L'exemple que tu a poster est complet? Si oui il n'y a que ce qui est indiquer en rouge a remplacer? Pour mon disque il est bien formater en hfs+ donc aucun soucis de ce coté la.....  En gros j'ai copier le script que tu a donne, je l'ai coller dans l'éditeur j'ai remplacer le texte par mes propres infos (nom, mdp, adresse ip...) et j'ai enregistrer an tant qu'application et quand je la lance rien ne se passe


----------



## tsss (11 Avril 2010)

. avant d'enregistrer, tu peux tester le script dans l'éditeur.
Ca te permettra de voir les erreurs.


----------



## theangeloflove (11 Avril 2010)

Bon j'ai réessayer ce matin, il ne me donne aucune erreur, par contre quand je clique sur exécuter, il me donne ce message

Résultat*:
error "Erreur d&#8217;autorisation de fichier réseau." number -5000


C'est la que je ne comprend pas ce que je dois faire........

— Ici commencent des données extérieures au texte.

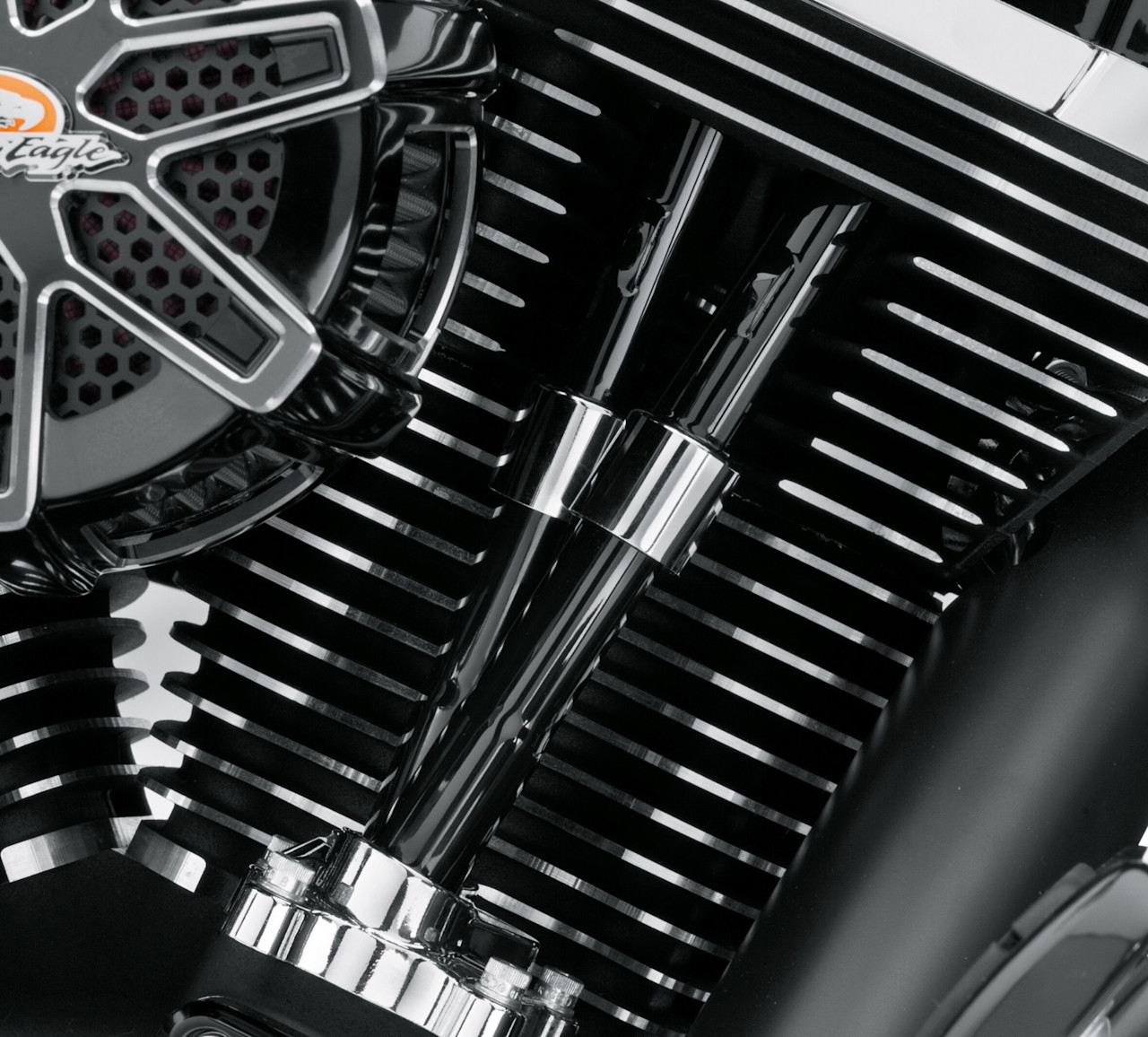 Harley-Davidson Accessories Pushrod Cover Kit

PS : Quand j'éxécute le script, il me surligne cette ligne la dans le script

mount volume "afp://" & afp_USER & ":" & afp_PASSWORD & "@" & afp_SERVER & "/" & vol


----------



## theangeloflove (14 Avril 2010)

Sa y est sa fonctionne...........
C'est parce que dans le nom de ma Time capsule, il y avait un "ç" et du coup sa bloquais tout......
J'ai changé de nom, et la tout fonctionne


----------